**Assigned task:**
Lines from the one containing "102 Avalon Drive, Huntsville, TX" to the end of the records, both ends included and exactly as written, are the whole answer, and no pictures go in it.

BEGIN Available records

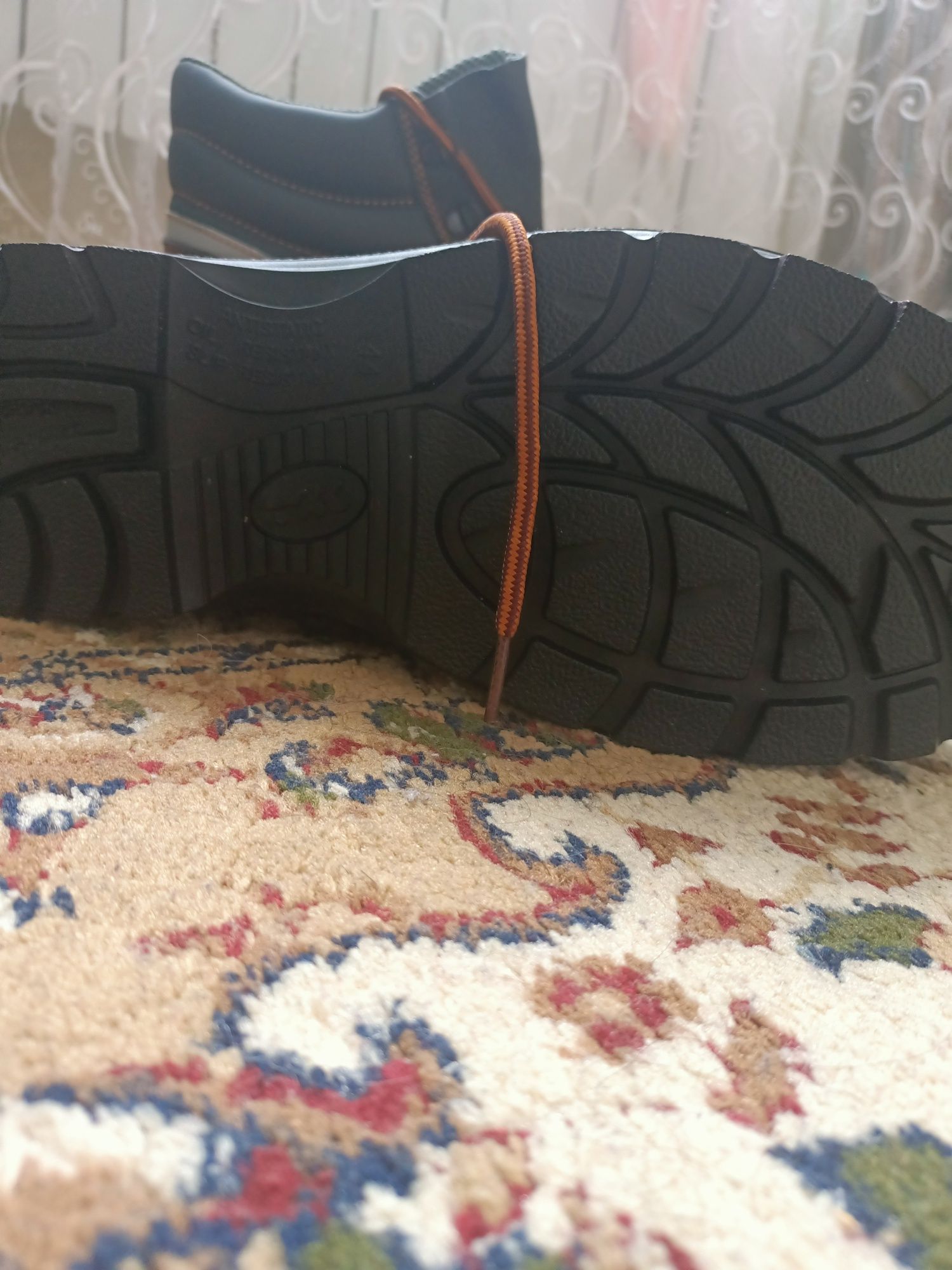 Продам ботинки, зимние и летние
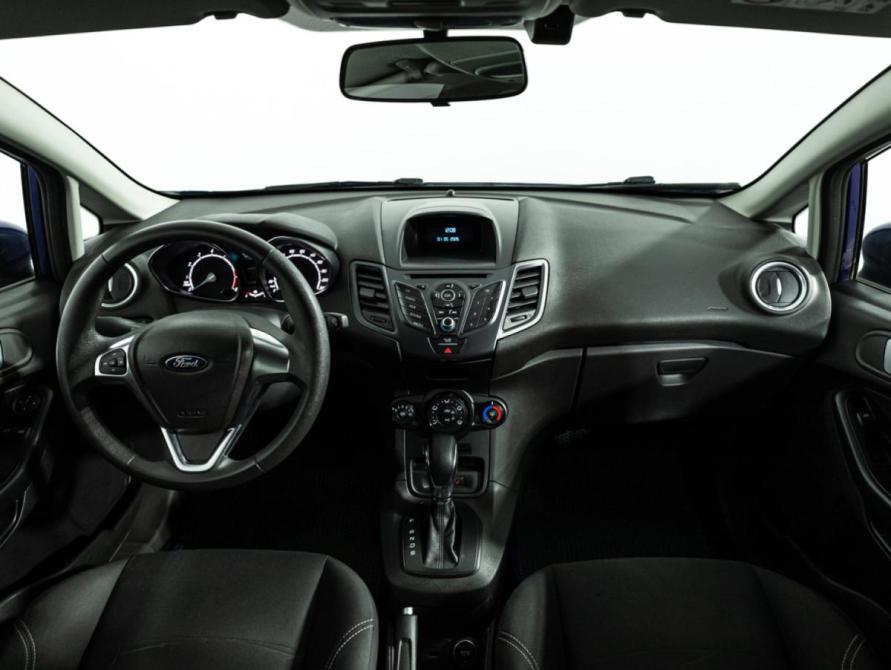 Ford Fiesta Mk6 Рестайлинг Санкт-Петербург  - изображение 13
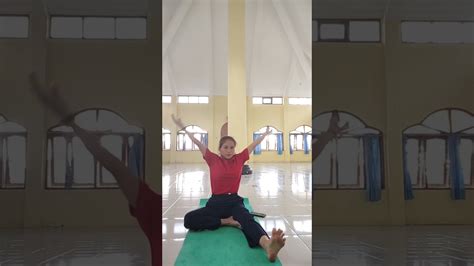 tugas praktek yogacara melenturkan otot punggung  bagian otot otot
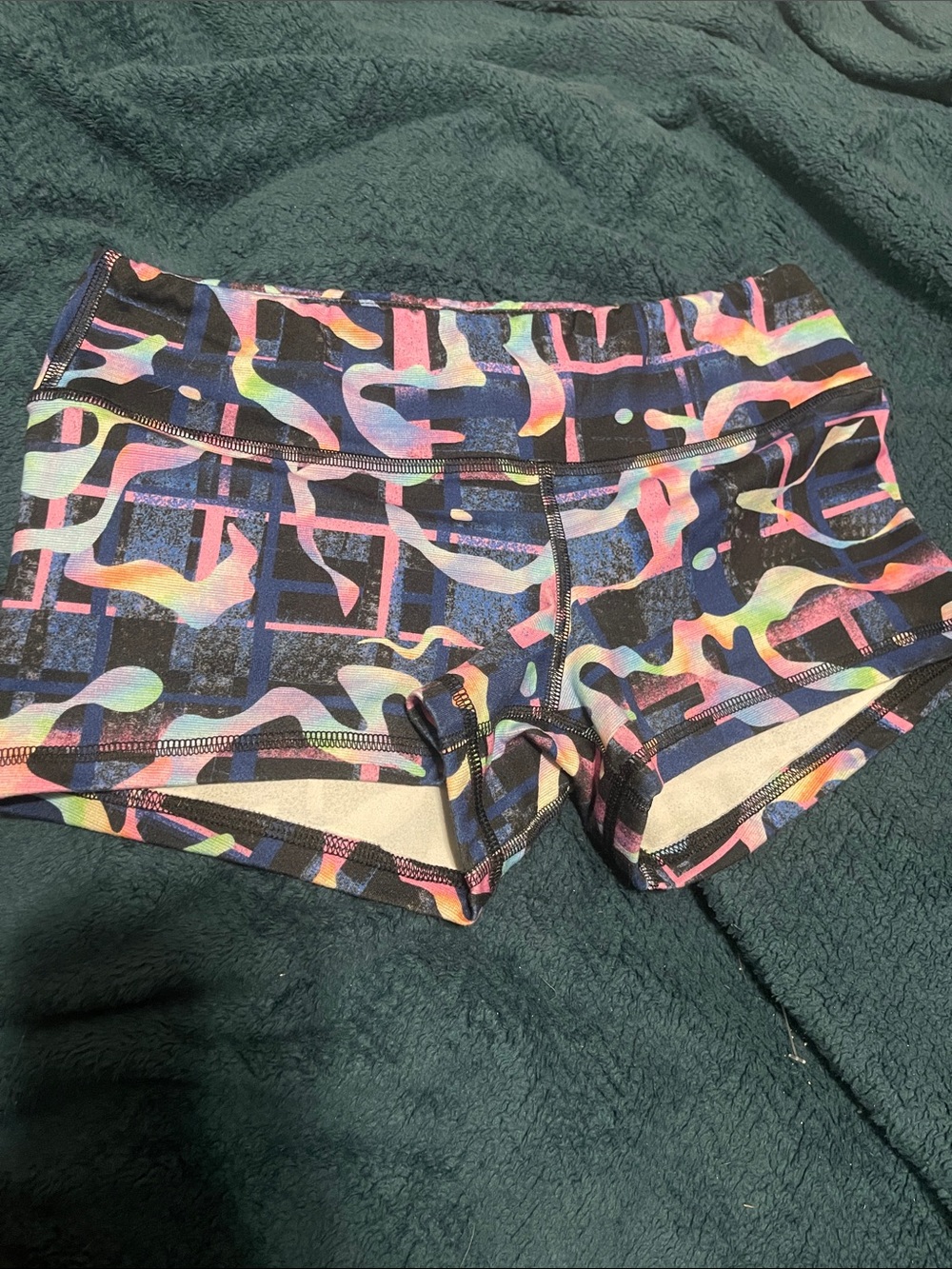 Fleo Women’s Multicolor Active Shorts - Vibrant Abstract Print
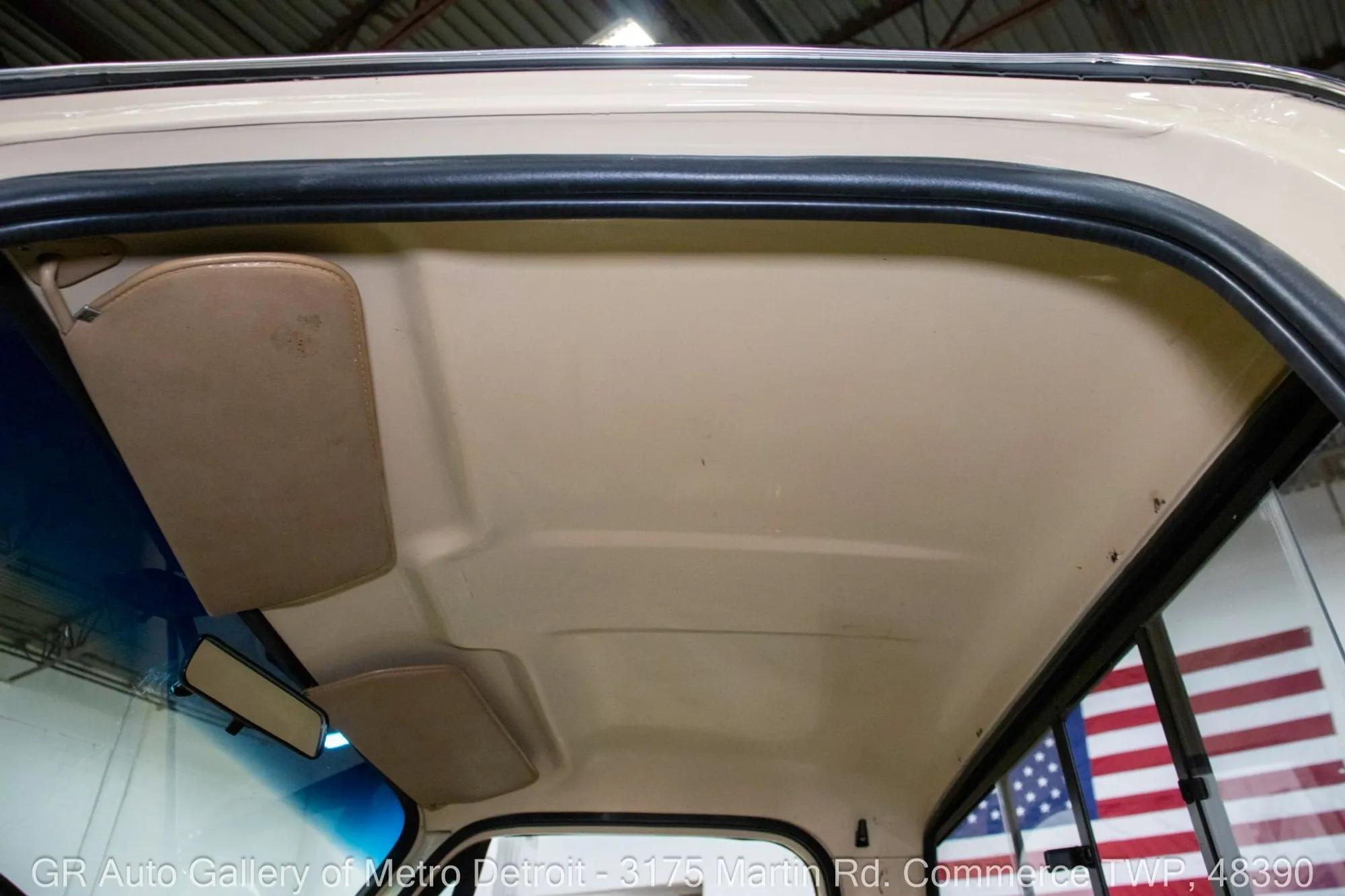 1987 Chevrolet R/V 10 Series V10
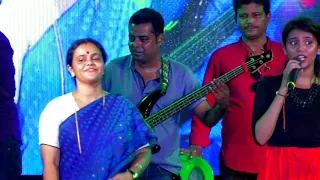 Hawa Hawai & The Story Behind It | Kavita Krishnamurti live stage song by ankita and with mother..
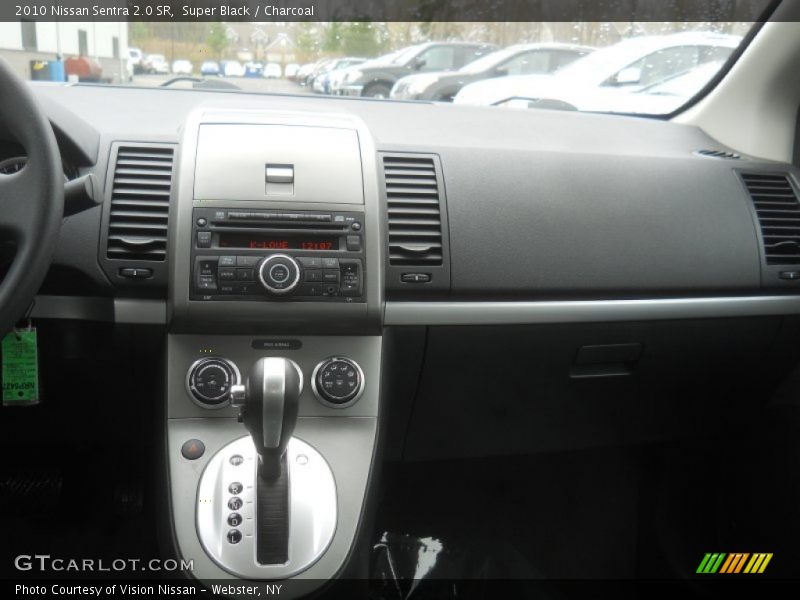 Super Black / Charcoal 2010 Nissan Sentra 2.0 SR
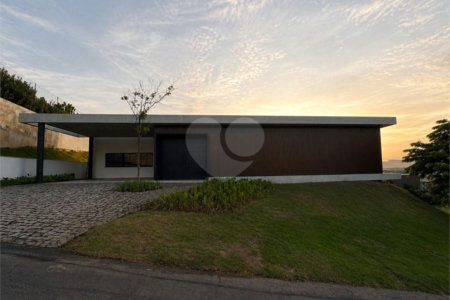 Casa à venda com 4 quartos, sendo 3 suítes,  no condomínio Terras de Santa Teresa, Itupeva - SP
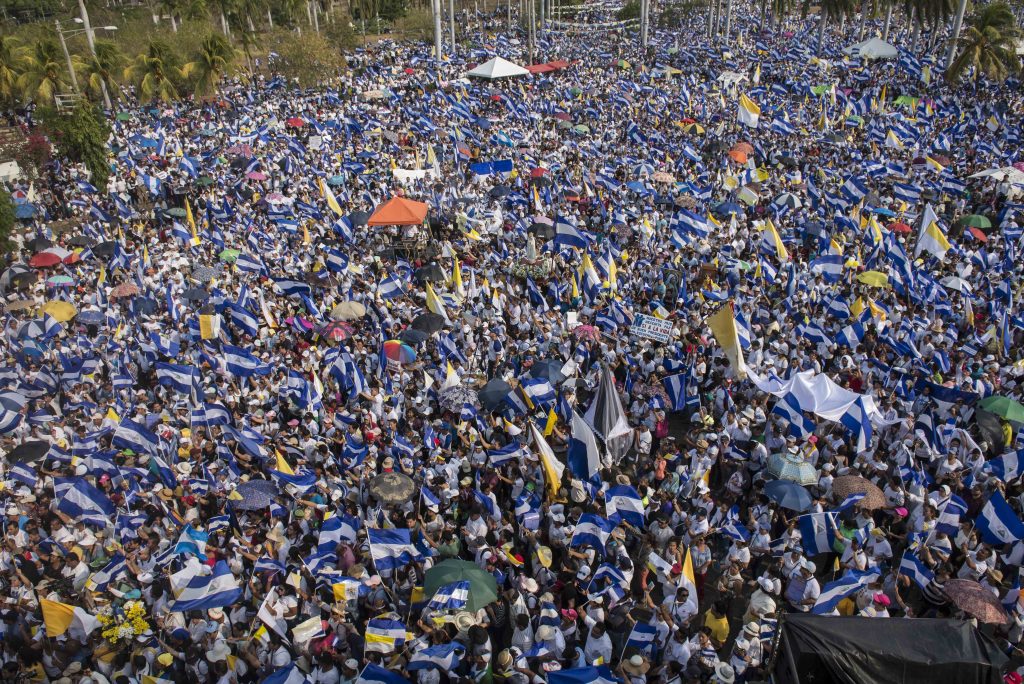 Personas protestando
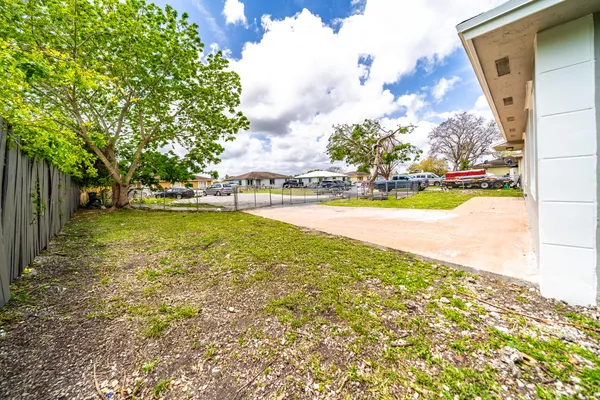 $3,100 | 705 Northwest 13th Terrace, Florida City, FL 33034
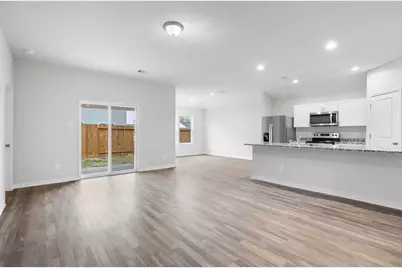 102 Avalon Drive, Huntsville, TX 77320 - Photo 5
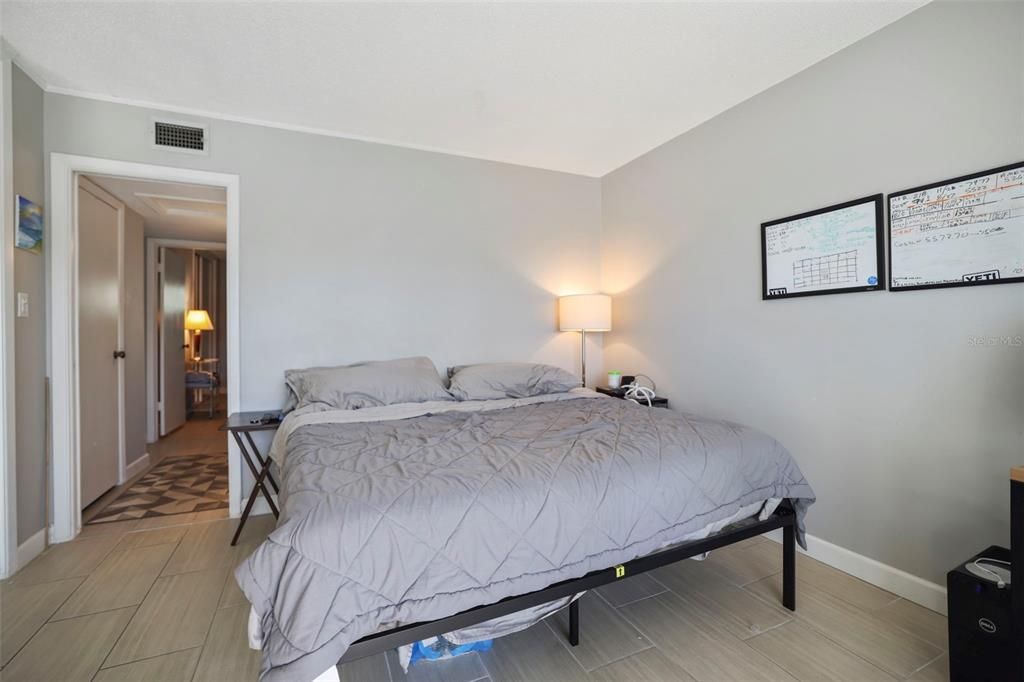 En Venta: $399,000 (2 camas, 1 baños, 1005 Pies cuadrados)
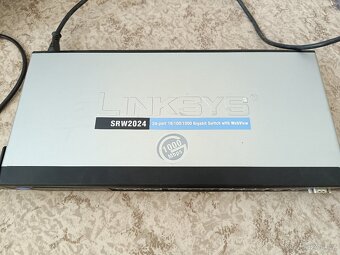 Switch Linksys Cisco srw2024 gigabit 24 portu - 2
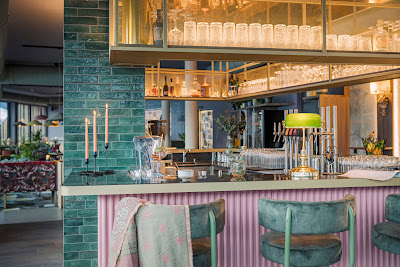 Tweets Rooftop Restaurant Lounge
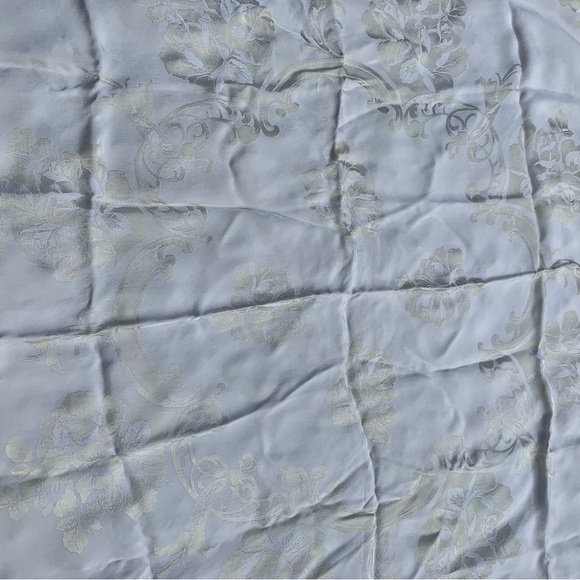 Table Cloth - Picture 3 of 5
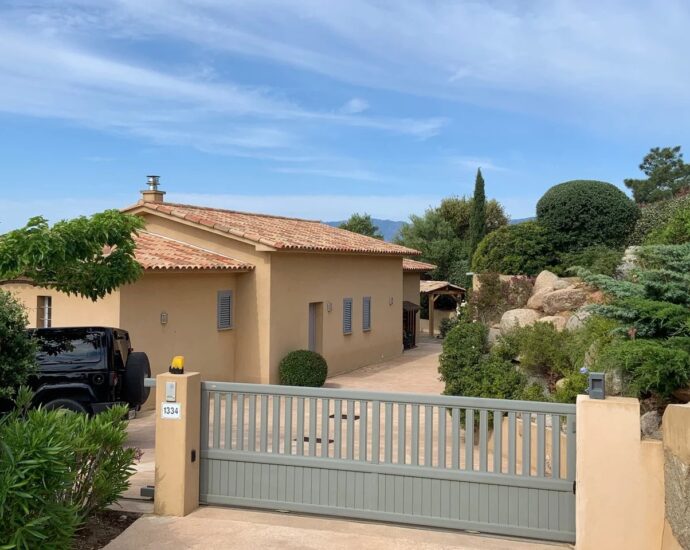 Porto -Vecchio, Arasu, Cirindinu, villa 3 chambres, piscine, vue mer panoramique, proche plage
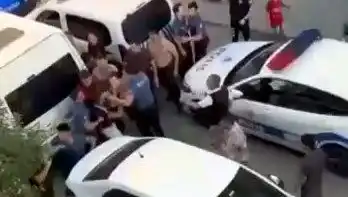 Sosyal Medya Kavgası Sokakta Kanlı Çatışmaya Dönüştü: 4 Yaralı!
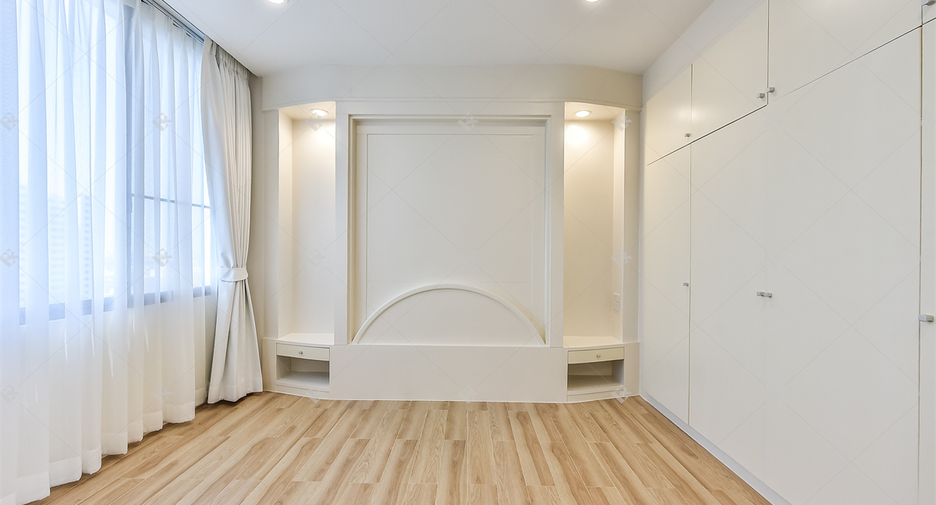 For rent 4 ベッドルーム condo in Bang Rak, Bangkok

END Available records

**Solution to this problem:**
 102 Avalon Drive, Huntsville, TX 77320 - Photo 5
 En Venta: $399,000 (2 camas, 1 baños, 1005 Pies cuadrados)
 Switch Linksys Cisco srw2024 gigabit 24 portu - 2
 Tweets Rooftop Restaurant Lounge
 Table Cloth - Picture 3 of 5
 Porto -Vecchio, Arasu, Cirindinu, villa 3 chambres, piscine, vue mer panoramique, proche plage
 Sosyal Medya Kavgası Sokakta Kanlı Çatışmaya Dönüştü: 4 Yaralı!
 For rent 4 ベッドルーム condo in Bang Rak, Bangkok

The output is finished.